In the six years I've been at Berkeley, I've taken some small steps toward a learning environment that feels slightly more Logo-like. For example, we used to assign weekly homework with exercises from the textbook. Now I assign the exercises, but don't collect them, so that it's clear to the students that the exercises are for their own benefit and not for evaluation purposes. I've instituted cooperative learning, redesigning the programming projects to be done by groups rather than by individual students. These are very tiny steps to be discussing at a Logo conference! But they go very much against the grain of the context within which I teach. The introductory course is part of a curriculum ladder, and later courses depend on "covering" the curriculum. The students, in these bad economic times, tend to be much more worried about competing for jobs than about learning.

The irony in all this, as we'd expect from our Logo experience, is that the students who end up doing best, even in the job market, are the ones who can find the courage to forget about jobs and grades and jumping through hoops, and treat my course as if it were a more Logo-like environment, getting excited about the new ideas and pushing beyond the required work to invent and explore new programming techniques.

When I was an undergraduate myself, I was lucky enough to fall in with the gang at the MIT Artificial Intelligence Lab, which was for me the perfect prototype of a Logo-like environment even before there was Logo. On the one hand, everyone was engaged in real work, pushing the state of the art in computing, but on the other hand, nobody felt any pressure about it. It was all for fun; you could try anything, and if it didn't work out, you just tried something else. (But don't forget that the hacker spirit at that lab is also the prototype of the style of work that Papert and Turkle call androcentric.)

How are the Two Related?

After this long preamble, I think I'm ready to talk about the question in the title of this paper. There are two different ways of looking at a computer science lab that both seem connected somehow to the Logo-like scale. The more obvious one is about style of work; as I've been saying, from that perspective, my high school lab felt extremely Logo-like, and my university course doesn't. This is the question that I've inadequately represented as "Fun vs. Professionalism" in my title.

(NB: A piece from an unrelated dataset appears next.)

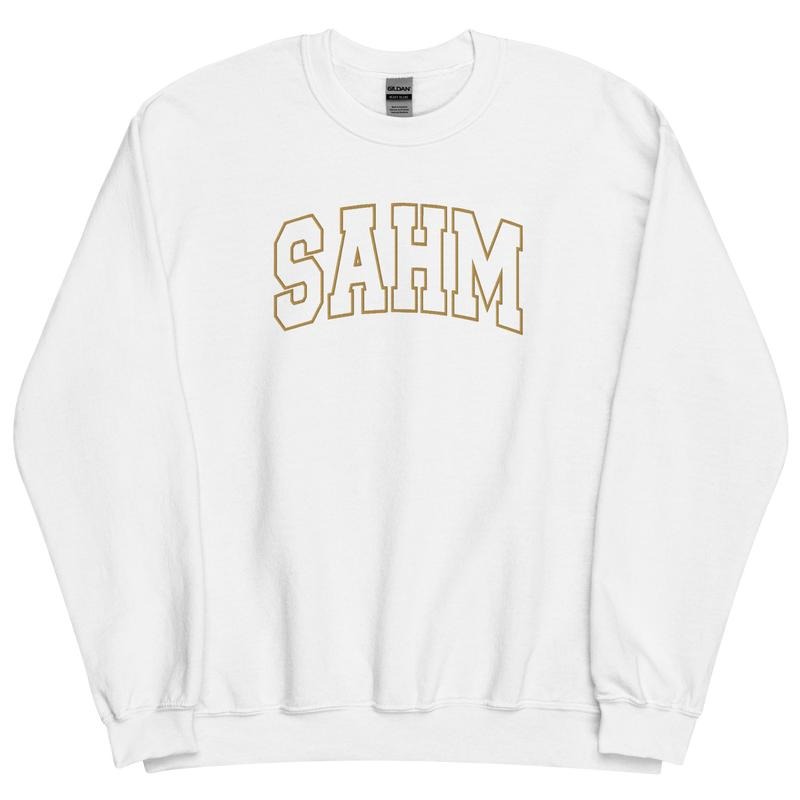 Embroidered Gold Thread SAHM Varsity Sweatshirt - Sweatshirt Unisex Apparel Relaxed Fit Printed in the USA Clothing Womenswear Casual and Comfortable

The other is the more technical question about curriculum and programming language. There is a very sharp distinction between the software engineering approach and what I think of as the artificial intelligence approach. In the software engineering approach, students are being trained primarily to be disciplined in their programming style, so that their code can easily fit in with other people's code. The curriculum is full of rules; the programming language used is always one with strong typing and similar restrictive rules. Software engineers talk about object oriented programming, for example, primarily as an advance in information hiding: An OOP language is one in which procedures as well as data have very tightly limited scopes. The AI approach replaces this moralistic tone with the cultivation of a sense of wonder at the ways in which thinking harder about programming can pay off in increased expressiveness. In this approach, there isn't one correct way to program, but rather a world full of programming styles and structures, each one appropriate for certain kinds of problems. On this view, for example, object oriented programming is about a metaphor, expressing a kind of parallelism in which each datum has its own intelligence, rather than about discipline.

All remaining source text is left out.